**SUPPLIED MATERIAL**
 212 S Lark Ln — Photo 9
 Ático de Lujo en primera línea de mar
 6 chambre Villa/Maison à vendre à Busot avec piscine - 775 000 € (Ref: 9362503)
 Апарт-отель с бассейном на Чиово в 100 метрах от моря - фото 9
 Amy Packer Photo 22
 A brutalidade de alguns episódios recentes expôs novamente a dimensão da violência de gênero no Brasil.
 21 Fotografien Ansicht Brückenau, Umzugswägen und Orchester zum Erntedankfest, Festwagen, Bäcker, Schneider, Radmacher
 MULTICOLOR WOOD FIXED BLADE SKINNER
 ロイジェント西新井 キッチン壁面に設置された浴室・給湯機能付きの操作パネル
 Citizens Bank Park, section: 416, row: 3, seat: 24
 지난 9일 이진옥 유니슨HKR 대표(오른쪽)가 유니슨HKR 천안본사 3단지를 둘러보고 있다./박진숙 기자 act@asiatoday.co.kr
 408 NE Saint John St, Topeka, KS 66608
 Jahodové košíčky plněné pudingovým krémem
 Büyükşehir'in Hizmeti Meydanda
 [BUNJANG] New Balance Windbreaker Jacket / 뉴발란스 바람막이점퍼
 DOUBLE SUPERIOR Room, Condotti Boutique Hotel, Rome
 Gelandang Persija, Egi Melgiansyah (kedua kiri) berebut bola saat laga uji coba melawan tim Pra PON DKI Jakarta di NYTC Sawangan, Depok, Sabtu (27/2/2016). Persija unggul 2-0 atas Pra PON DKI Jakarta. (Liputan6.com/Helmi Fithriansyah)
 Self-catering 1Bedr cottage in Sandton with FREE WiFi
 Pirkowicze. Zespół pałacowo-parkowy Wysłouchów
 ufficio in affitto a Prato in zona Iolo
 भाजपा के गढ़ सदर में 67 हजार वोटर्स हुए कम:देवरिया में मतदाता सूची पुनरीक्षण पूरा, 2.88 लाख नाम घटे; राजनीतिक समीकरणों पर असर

**WORK TO BE COMPLETED**
Please give again the lines above between the line holding "Amy Packer Photo 22" and the line holding "Büyükşehir'in Hizmeti Meydanda", inclusive, exactly as they are and with nothing added.

**SOLVED EXERCISE**
 Amy Packer Photo 22
 A brutalidade de alguns episódios recentes expôs novamente a dimensão da violência de gênero no Brasil.
 21 Fotografien Ansicht Brückenau, Umzugswägen und Orchester zum Erntedankfest, Festwagen, Bäcker, Schneider, Radmacher
 MULTICOLOR WOOD FIXED BLADE SKINNER
 ロイジェント西新井 キッチン壁面に設置された浴室・給湯機能付きの操作パネル
 Citizens Bank Park, section: 416, row: 3, seat: 24
 지난 9일 이진옥 유니슨HKR 대표(오른쪽)가 유니슨HKR 천안본사 3단지를 둘러보고 있다./박진숙 기자 act@asiatoday.co.kr
 408 NE Saint John St, Topeka, KS 66608
 Jahodové košíčky plněné pudingovým krémem
 Büyükşehir'in Hizmeti Meydanda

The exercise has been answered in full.